Warning FailedMount 18s (x8 over 84s) kubelet MountVolume.MountDevice failed for volume "pvc-0091ed72-b8d3-4642-9c65-cb45ddfc328e" : rpc error: code = Internal desc = exi
Actual results
Node can map the block device but cannot mount it. From the logs, I think the driver try to grep info of the block device using blkid command but not success.
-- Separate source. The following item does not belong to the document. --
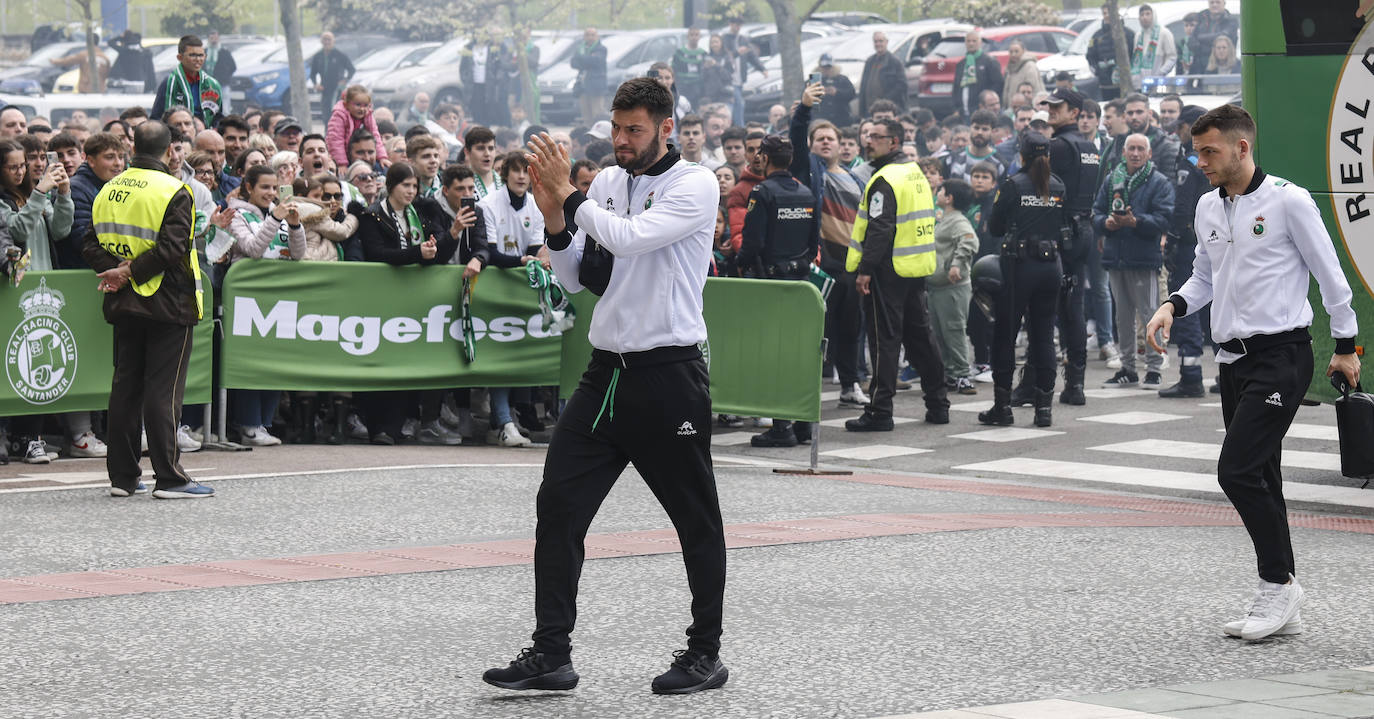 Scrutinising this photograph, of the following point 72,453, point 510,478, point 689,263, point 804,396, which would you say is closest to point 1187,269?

Everything works fine when we have kubelet v1.30.
Expected behavior
Node can map and mount the block device to provide to the pods.
Logs
If the issue is in PVC mounting please attach complete logs of below containers.
- csi-rbdplugin/csi-cephfsplugin and driver-registrar container logs from
plugin pod from the node where the mount is failing.
I0109 09:44:29.224808 941792 nodeserver.go:422] ID: 327 Req-ID: 0001-0024-4d3a09c7-d8d2-4927-91cd-08ca6601d0b2-0000000000000007-fe3ca7ee-580e-11ec-b976-a289cdd026fa rbd image: k8s-sharedpool/csi-vol-fe3ca7ee-580e-11ec-b976-a289cdd026fa was successfully mapped at /dev/rbd0
I0109 09:44:29.224926 941792 mount_linux.go:577] Attempting to determine if disk "/dev/rbd0" is formatted using blkid with args: ([-p -s TYPE -s PTTYPE -o export /dev/rbd0])
I0109 09:44:29.227079 941792 mount_linux.go:580] Output: "blkid: error: /dev/rbd0: Operation not permitted\n"
E0109 09:44:29.229984 941792 nodeserver.go:825] ID: 327 Req-ID: 0001-0024-4d3a09c7-d8d2-4927-91cd-08ca6601d0b2-0000000000000007-fe3ca7ee-580e-11ec-b976-a289cdd026fa failed to run mkfs.ext4 ([-m0 -Enodiscard,lazy_itable_init=1,lazy_journal_init=1 /dev/rbd0]) error: exit status 1, output: mke2fs 1.46.5 (30-Dec-2021)
mkfs.ext4: Operation not permitted while trying to determine filesystem size
I0109 09:44:29.311555 941792 cephcmds.go:105] ID: 327 Req-ID: 0001-0024-4d3a09c7-d8d2-4927-91cd-08ca6601d0b2-0000000000000007-fe3ca7ee-580e-11ec-b976-a289cdd026fa command succeeded: rbd [unmap /dev/rbd0 --device-type krbd --options noudev]
E0109 09:44:29.311786 941792 utils.go:245] ID: 327 Req-ID: 0001-0024-4d3a09c7-d8d2-4927-91cd-08ca6601d0b2-0000000000000007-fe3ca7ee-580e-11ec-b976-a289cdd026fa GRPC error: rpc error: code = Internal desc = exit status 1
Note:- If its a rbd issue please provide only rbd related logs, if its a
cephFS issue please provide cephFS logs.